During COVID-19, Nonpayment of Rent Becomes a Huge Issue
As the COVID-19 crisis rolls on, the nonpayment of rent is becoming a critical issue in the multifamily industry. Unemployment numbers are astronomical. Many are waiting to receive government stimulus checks. And renters who struggle to pay their rent because of job loss or other economic hardship may be shielded by eviction moratoriums.
Measures are in place in some areas to protect renters who are having a tough time scraping by. This can mean that even those who have rent money might choose to spend it on something else. Just because renters are capable of paying their landlord doesn’t mean they will. As stay-at-home mandates ease, cooped-up residents may be tempted to spend their money on deferred needs and desires rather than rent.

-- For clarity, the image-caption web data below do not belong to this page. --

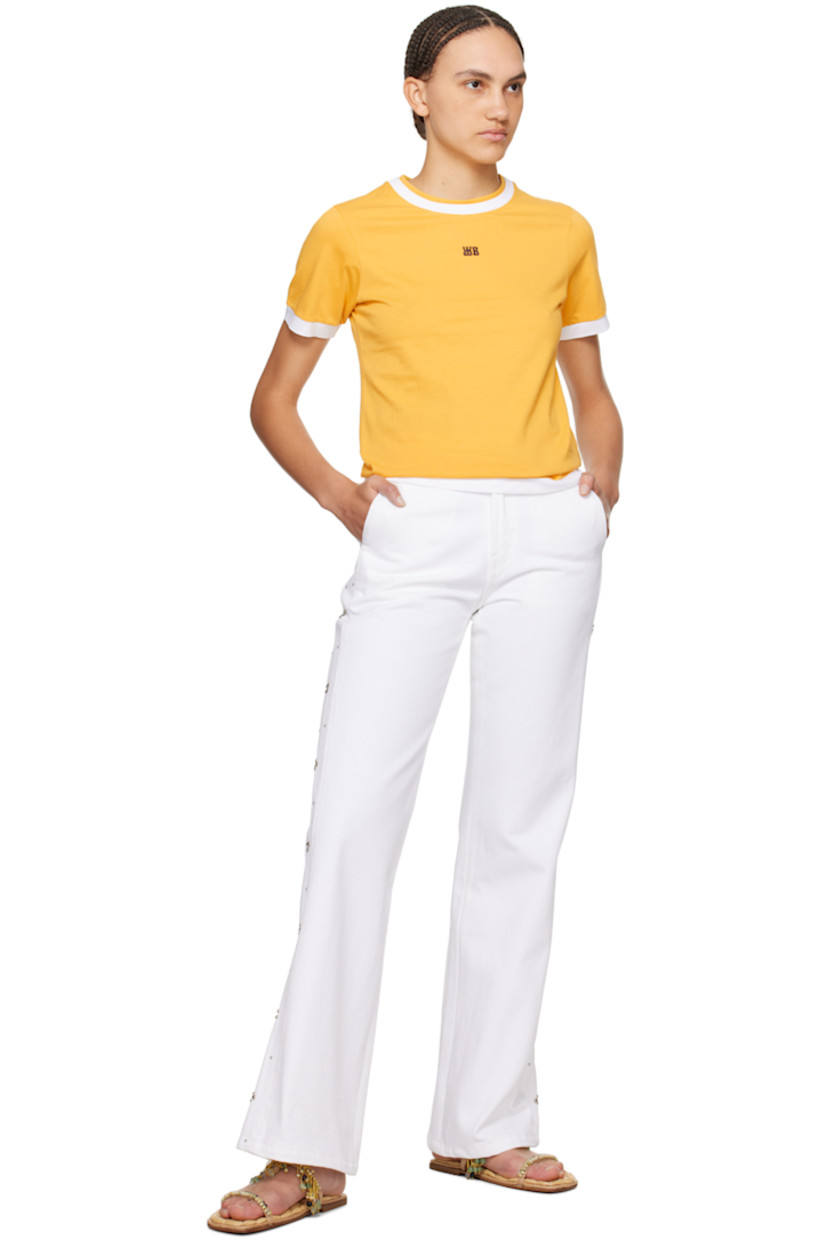 Organic cotton jersey T-shirt. 

· Layered construction
· Crewneck
· Logo embroidered at chest
· Embroidered graphic patch at sleeve
· Logo printed at back collar

Supplier color: Turmeric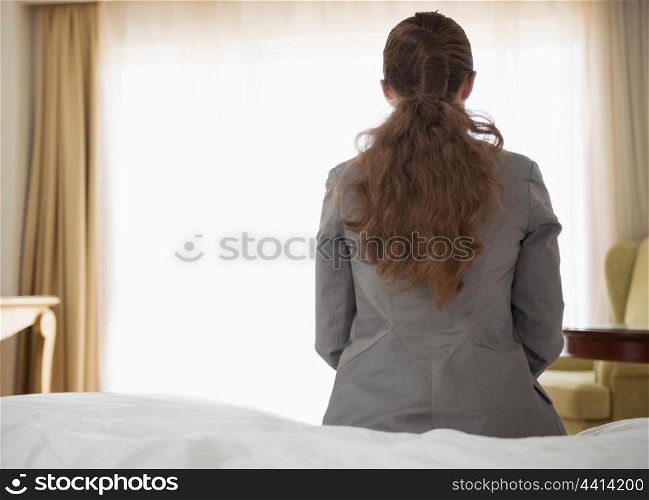 Business woman sitting on bed in hotel room. rear view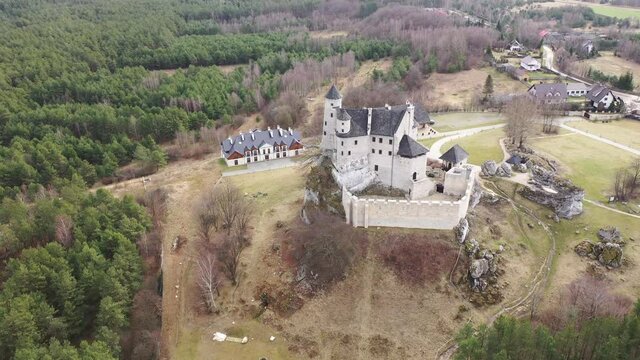 View from drone of renovated medieval royal Bobolice Castle located in Krakow-Czestochowa Upland (Polish Jura) on spring day, Poland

Eviction bans increase the risk of nonpayment of rent
As more than 30 million Americans filed for unemployment, short-term eviction bans (supported by the National Multifamily Housing Council) were set into place to protect delinquent renters. While April rents fared better than most expected, many industry leaders believe eviction bans will be extended, increasing the risk for apartment communities.
“If renters aren't paying bills but remain at properties for long periods of time, it pushes enormous risk onto apartment owners and managers,” says RealPage Vice President Jay Parsons. “It could potentially lead to apartment owners being unable to pay bills, pay taxes or make payroll.”
With the future uncertain, even new renters moving in now could present problems depending on what happens with COVID-19. And a failed lease typically causes $5,000-$10,000 in financial damage to a property, notes Matt Davis, senior vice president for financial services.
The biggest problem is that unlike three months ago, operators can't offset risk with more revenue. So it’s more important than ever to move in renters who have shown a willingness to pay.